Fonticulus Fides

Tuesday, June 10, 2003

Well, I might as well just admit it: my baby is growing up, and I’m going to have to quit calling her "The Baby."

I know I always refer to her like that on the blog, but I do it at home, too. She has a nice name and I like it, but I pretty much only call her "The Baby" or refer to her as "The Baby," as in "Where’s The Baby?" or "Can you watch the Baby for a second?" and so on.

Three weeks from today, she’ll turn one. That should have been my first clue. She’s cruising furniture. She’s mastered the staircase (up, anyway). She’s eating table foods.

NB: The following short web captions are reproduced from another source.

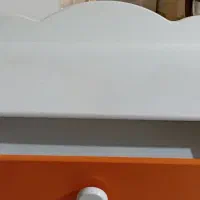 کمد دراور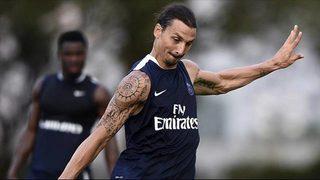 İbrahimovic ve menajeri konuştu! Galatasaray...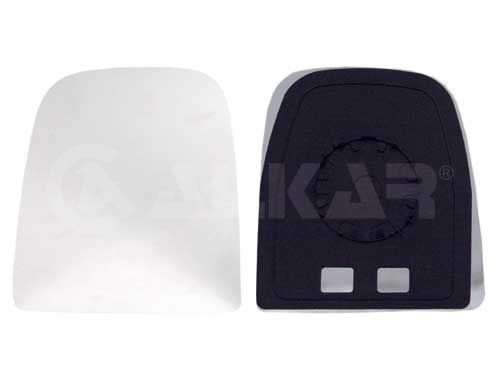 ALKAR 6401249 Mirror Glass, exterior mirror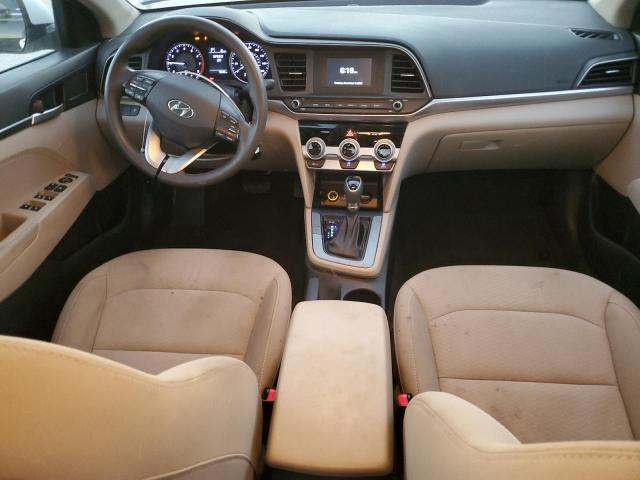 Фото 8 - HYUNDAI ELANTRA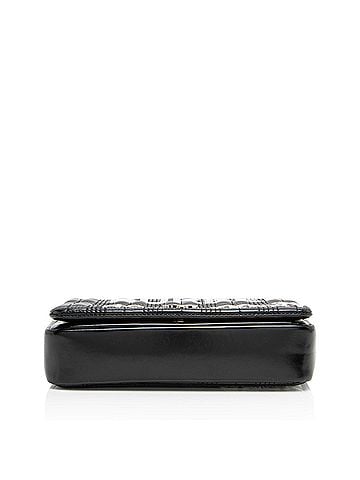Burberry Burberry Quilted Leather Horseferry TB Shoulder Bag (view 2)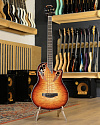 Электроакустическая бас-гитара Ovation CEB44X-7C Bass Celebrity Cognac Burst - купить в "Гитарном Клубе"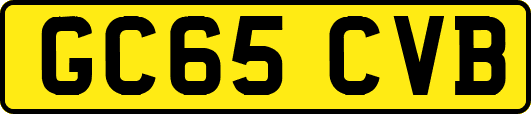 GC65CVB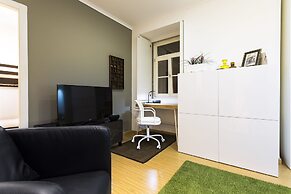 Trigueiros Downtown Apartment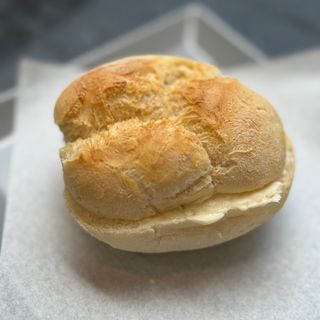 Pão com Manteiga
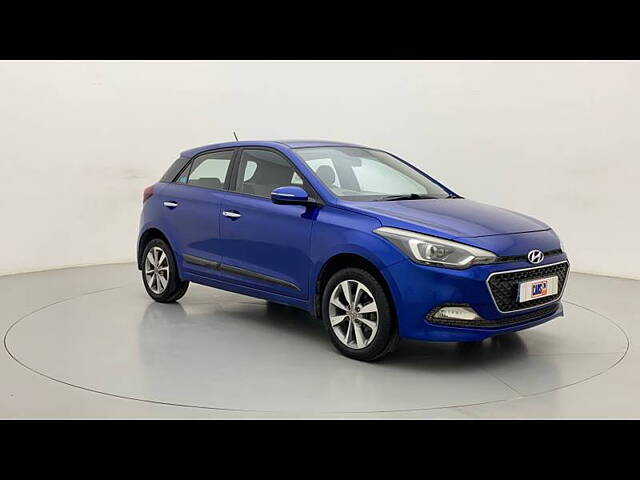 Second Hand Hyundai Elite i20 [2018-2019] Asta 1.4 (O) CRDi in Hyderabad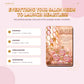 HEARTLESS™ Complete Salon Marketing Pack | Digital Download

On Sunday, I put her in her Easter dress for Mass and was chagrinned to see that it’s already too short! The hem covered knees at Easter. It’s well above them now. I know babies can get away with shorter skirts, and it actually helps her crawl a little better now that her knees are free. But it’s still a little too baring for my tastes. Time to hit the consignment shops to look for a replacement. Or I may just haul out my old sewing machine and stitch something up.

All her overalls are too short in the leg now, too. They still fit her in the body part, but the cuffs are clearing her ankles. Good thing it’s getting to be warm. Actually, I should chop off a couple inches and re-hem those overalls so that she has enough shorts to wear the next three or four months. At least they’d be long enough. Silly clothing manufactures make baby girl shorts with a 2" inseam, neglecting the fact that our kids have to ride in carseats with 2.5" straps. It’s really uncomfortable for a child to have a strap pulled tight across bare thighs.

The other thing I have to admit is, she really has weaned herself completely. About two months ago, she cut back to one or two nursing sessions a day, by her own choice. That’s dwindled quite a bit. Three weeks ago, she was only nursing every third day or so. And now it’s been a week and a half since she was even remotely interested.

I had it in my head that she’d nurse a year at least, probably longer, so this hasn’t been entirely easy for me to take. Funny that such a "liberating" thing would be difficult, but it is. On the other hand, when you believe in child-led weaning, which I do, that means you have to follow the child’s lead, and she has given it up. So there you go.

Along with weaning has come sleeping through the night, every night. It was the same with my son – the last nursing session to go was the one in the wee hours, still groggy. I must say, I’m enjoying the uninterrupted sleep, such as it is. I probably will never be able to sleep so soundly I won’t rouse myself to check on the children at least once in the middle of the night.

So. No more baby. At least, I need to mentally get to that point & start referring to my "little girl" and calling her by her name. I need to do a little better about encouraging her to do things on her own. She wants to – most of the time, anyway. I just get in the way, or let her big brother get in the way. I have to get it into my skull that she’s big enough for me to follow her lead and let her try the stuff she wants to try.

Siiiiiiigh. Why is it so much harder than it sounds?